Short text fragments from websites
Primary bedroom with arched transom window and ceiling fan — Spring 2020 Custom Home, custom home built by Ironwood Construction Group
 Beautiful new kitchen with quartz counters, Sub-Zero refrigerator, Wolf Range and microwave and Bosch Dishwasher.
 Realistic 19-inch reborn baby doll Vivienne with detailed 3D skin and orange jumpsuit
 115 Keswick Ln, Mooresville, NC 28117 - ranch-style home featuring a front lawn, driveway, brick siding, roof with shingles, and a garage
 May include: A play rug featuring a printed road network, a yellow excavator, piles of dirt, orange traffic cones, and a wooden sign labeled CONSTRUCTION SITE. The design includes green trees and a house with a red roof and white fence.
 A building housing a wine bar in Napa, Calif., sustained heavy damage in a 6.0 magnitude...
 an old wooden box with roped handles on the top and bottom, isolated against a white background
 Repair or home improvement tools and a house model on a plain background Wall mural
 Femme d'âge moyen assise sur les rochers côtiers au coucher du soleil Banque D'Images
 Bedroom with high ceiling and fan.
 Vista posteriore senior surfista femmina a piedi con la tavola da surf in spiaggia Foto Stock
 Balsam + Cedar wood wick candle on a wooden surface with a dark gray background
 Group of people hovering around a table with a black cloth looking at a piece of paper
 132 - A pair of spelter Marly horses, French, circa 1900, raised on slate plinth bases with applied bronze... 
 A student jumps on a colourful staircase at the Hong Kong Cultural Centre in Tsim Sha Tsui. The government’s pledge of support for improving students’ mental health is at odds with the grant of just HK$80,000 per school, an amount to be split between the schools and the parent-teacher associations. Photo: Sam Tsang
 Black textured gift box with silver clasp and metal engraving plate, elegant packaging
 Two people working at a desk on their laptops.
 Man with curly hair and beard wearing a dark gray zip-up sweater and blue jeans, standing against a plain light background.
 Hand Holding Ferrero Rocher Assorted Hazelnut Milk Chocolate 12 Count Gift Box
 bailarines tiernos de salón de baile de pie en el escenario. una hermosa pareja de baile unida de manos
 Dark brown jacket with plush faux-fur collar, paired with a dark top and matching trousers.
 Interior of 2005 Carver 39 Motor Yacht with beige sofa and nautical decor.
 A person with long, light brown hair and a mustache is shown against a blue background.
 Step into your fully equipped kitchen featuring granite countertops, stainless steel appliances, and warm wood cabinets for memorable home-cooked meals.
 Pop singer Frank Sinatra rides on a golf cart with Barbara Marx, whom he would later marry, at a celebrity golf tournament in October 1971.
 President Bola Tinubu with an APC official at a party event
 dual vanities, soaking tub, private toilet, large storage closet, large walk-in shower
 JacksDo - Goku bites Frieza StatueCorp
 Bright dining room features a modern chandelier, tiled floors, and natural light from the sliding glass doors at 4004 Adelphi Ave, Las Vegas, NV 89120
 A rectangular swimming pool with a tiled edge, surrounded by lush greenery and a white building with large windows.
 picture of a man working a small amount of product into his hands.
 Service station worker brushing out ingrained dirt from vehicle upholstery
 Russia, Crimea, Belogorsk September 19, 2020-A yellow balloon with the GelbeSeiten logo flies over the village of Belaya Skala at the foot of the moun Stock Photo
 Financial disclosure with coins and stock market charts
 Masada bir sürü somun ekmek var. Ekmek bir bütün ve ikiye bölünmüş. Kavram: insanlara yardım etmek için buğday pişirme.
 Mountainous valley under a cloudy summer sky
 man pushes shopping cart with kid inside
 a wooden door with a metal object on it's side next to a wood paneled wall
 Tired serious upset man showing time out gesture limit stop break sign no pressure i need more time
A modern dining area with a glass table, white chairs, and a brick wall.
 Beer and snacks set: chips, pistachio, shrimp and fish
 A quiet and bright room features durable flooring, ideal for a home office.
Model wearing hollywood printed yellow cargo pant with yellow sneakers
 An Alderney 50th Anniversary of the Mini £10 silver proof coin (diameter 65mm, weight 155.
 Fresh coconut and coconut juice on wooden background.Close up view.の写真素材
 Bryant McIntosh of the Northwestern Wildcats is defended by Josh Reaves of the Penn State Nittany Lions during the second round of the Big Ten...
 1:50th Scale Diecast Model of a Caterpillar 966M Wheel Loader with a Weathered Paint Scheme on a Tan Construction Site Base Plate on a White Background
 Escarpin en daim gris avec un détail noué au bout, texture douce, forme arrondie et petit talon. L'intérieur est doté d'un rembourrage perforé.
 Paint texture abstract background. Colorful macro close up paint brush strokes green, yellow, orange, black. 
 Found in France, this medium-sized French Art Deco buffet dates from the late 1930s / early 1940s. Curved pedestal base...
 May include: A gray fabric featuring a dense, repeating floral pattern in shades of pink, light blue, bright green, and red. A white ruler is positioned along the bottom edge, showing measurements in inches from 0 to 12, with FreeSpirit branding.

* **EXERCISE REQUIREMENTS**: What is asked for is an exact copy of the lines above from the one containing "Black textured gift" through the one containing "Man with curly", and only those.

* **RESULT FOR THIS TASK**:
 Black textured gift box with silver clasp and metal engraving plate, elegant packaging
 Two people working at a desk on their laptops.
 Man with curly hair and beard wearing a dark gray zip-up sweater and blue jeans, standing against a plain light background.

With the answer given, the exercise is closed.